So zum Beispiel alte Menschen. Da hat doch glatt der CDU-Drogenbeauftragte Hendrik Streeck die Diskussion eröffnet, ob alte Menschen noch teure Medikamente erhalten sollten (s. hier). Menschenwürde scheint also für solche Typen nicht für alle zu gelten, zumindest schon mal nicht für diejenigen, die nicht (mehr) finanziell rentabel sind. Warum also dieser menschenverachtenden Logik nach noch viel Geld für die medizinische Versorgung solcher alten Nichtsnutze ausgegeben werden?
Hier vernimmt man nun allerdings schon lauteres Gemurre, denn alt will ja schließlich jeder mal werden – oder ist es schon. Oder kennt liebe Menschen, die schon reichlich betagt sind und die man dennoch gut medizinisch versorgt wissen möchte. Solche Ideen könnten einen also mit ziemlich großer Wahrscheinlichkeit auch selbst betreffen. Und schlagartig wird die ansonsten eher abstrakte neoliberale Menschenfeindlichkeit zu einer ganz konkreten Bedrohung.
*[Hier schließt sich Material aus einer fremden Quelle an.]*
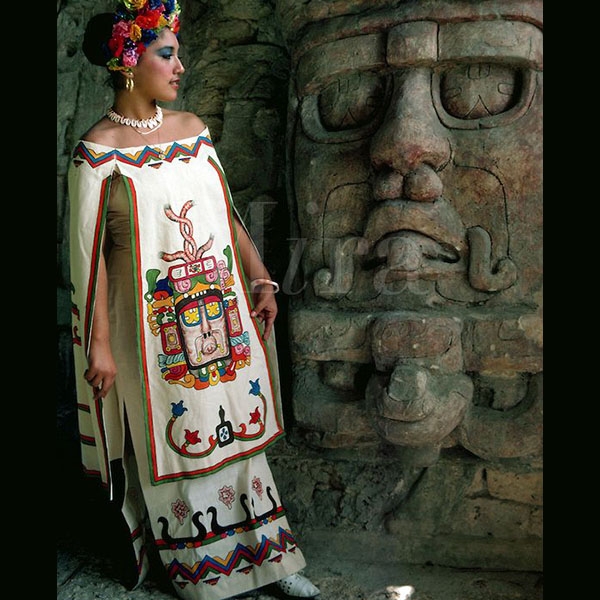 Traje de chetumaleña, una tradición representativa de Quintana Roo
Doch nicht nur alte kranke Menschen müssen um ihre Lebensqualität fürchten, auch gesunden älteren Menschen soll es nach dem Willen der CDU an die Finanzen gehen. Da wird nämlich gerade von den innerparteilichen Rechtsausleger-Greisen in den Körpern junger Männer (und auch einiger Frauen) der Jungen Union (JU) kritisiert, dass man Rentenkürzungen gerade für die nächsten Jahre ausgeschlossen hat (s. hier). Und dafür erntet man auch noch reichlich Zustimmung und setzt so den Bundeskanzler Friedrich „Fritzpiepe“ Merz (CDU) reichlich unter Druck, was unter Umständen sogar die gesamte Regierungskoalition gefährden könnte, wenn da nun die SPD in diesem Punkt massiv brüskiert würde.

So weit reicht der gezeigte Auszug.